From a different terminal, when the output shows that the server is loading the "titles" or "salaries" tables, do the following:

$ cd $HOME/sandboxes/rsandbox_5_1_26
$ ./check_slaves
#it should show all "yes"
$ ./s2 -e "stop slave"
$ ./check_slaves
#it should show two "yes" and two "no"
$ ./m -e "flush logs"
$ sleep 1
$ ./s2 -e "start slave"

$ ./check_slaves
#it should show all "yes" but it shows one "no" as SQL thread for slave 2

$ ./s2 -e "show slave status\G"
[3 Sep 2008 7:29] Sveta Smirnova
Thank you for the report.

Verified as described.
[3 Sep 2008 7:41] Sveta Smirnova
Probably related with bug #34582
[3 Sep 2008 8:34] Sveta Smirnova
To repeat I had to run ./check_slaves; ./s2 -e "stop slave"; ./check_slaves; ./m -e "flush logs";  ./s2 -e "start slave"; ./check_slaves several times
[3 Sep 2008 9:03] Giuseppe Maxia
Yes. It may depend on the speed of the server.
After four times that the test repeated as described, I also found a case when I had to repeat the sequence twice.
[19 Sep 2008 8:44] Sveta Smirnova
I was not able to repeat this bug with version 5.0.67
[19 Sep 2008 8:49] Sveta Smirnova
Seems I was hurry: I was able to repeat failure with 5.0.67, but needed to run test more times than with 5.1
[27 Nov 2008 21:05] Andrei Elkin
Sveta, Giuseppe, 

I need your help, I could not reproduce this failure.
I  tested innodb master -> innodb slave, myisam master -> myisam slave with 
mixed and row binlog format: no problem.

I managed to stop the slave with the dup key error although, namely when
the slave's side tables are of myisam type but on the master table of innodb type and with either binlog format.
In such a case it's normal that the slave stops, because
the binlog file contains transactions denoted explicitly with BEGIN/COMMIT. Interrupted slave tries to restart the last transaction it was executing and it naturally fails as the myisam tables hold all data that were load since the last
begin till the last insert (or Write_rows_log) event.

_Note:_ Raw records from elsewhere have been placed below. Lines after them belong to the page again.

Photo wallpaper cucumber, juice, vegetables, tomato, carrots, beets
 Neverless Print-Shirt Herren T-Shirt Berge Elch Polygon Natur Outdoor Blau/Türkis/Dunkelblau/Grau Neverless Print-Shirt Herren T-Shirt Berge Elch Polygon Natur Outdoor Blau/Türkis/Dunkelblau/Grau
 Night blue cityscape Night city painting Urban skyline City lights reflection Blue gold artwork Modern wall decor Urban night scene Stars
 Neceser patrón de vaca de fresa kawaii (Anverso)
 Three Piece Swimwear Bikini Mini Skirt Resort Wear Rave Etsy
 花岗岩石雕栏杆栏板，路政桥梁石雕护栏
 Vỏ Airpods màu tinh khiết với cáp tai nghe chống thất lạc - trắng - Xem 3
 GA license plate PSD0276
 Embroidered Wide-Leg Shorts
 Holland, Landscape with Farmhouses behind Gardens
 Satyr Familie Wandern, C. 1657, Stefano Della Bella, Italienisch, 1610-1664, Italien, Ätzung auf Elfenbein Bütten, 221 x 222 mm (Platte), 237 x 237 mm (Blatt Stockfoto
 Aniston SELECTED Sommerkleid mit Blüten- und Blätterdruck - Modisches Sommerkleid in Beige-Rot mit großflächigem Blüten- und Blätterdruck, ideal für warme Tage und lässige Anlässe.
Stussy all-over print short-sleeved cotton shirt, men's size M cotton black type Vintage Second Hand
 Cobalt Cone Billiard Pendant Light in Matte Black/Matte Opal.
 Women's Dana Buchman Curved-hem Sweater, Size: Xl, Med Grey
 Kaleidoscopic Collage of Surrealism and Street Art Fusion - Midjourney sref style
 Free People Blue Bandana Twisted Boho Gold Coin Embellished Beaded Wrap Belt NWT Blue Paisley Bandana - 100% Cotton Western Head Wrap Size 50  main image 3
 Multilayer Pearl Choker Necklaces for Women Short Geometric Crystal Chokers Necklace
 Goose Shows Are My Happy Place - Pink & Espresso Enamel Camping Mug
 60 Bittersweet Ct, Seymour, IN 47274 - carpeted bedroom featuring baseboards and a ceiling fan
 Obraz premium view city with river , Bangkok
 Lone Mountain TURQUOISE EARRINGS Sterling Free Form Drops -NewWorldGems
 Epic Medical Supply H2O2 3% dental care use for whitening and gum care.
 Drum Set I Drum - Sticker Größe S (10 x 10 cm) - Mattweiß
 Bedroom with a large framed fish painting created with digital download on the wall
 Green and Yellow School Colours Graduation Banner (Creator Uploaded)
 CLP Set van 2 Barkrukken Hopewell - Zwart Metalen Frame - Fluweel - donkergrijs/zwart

Notice, the script employees.sql does not specify what is the engine for the slave side. I wonder if you had it effectively of myisam type.

Could you please split employees.sql into 2 ddl and dml parts, 
and check what are the table type upon creation on the slave side and only after
that start populating with the dml part.
Please verify with mixed and row binlog format  three combination:

  innodb master -> innodb slave;
  myisam master -> myisam slave;
  innodb master -> myisam slave;

The slave's stop with the last option is not a failure as has been explained.
If you will manage to break replication with the first two options it will prove
there is a bug. Then please leave show slave status and show create table reports.


[27 Nov 2008 22:30] Sveta Smirnova

thank you for pointing this. Problem is exactly last case which is not a bug. I could not repeat with both InnoDB and both MyISAM.
[28 Nov 2008 12:05] Giuseppe Maxia
Thanks, Sveta and Andrei.
This completely escaped my attention. The "SET" command is not replicated. I wrote a blog post about this issue.
[28 Nov 2008 15:32] Mark Callaghan
What you have described is a bug, not a feature:
[28 Nov 2008 17:56] Andrei Elkin

It smells as a bug, even as a rat :-), I agree.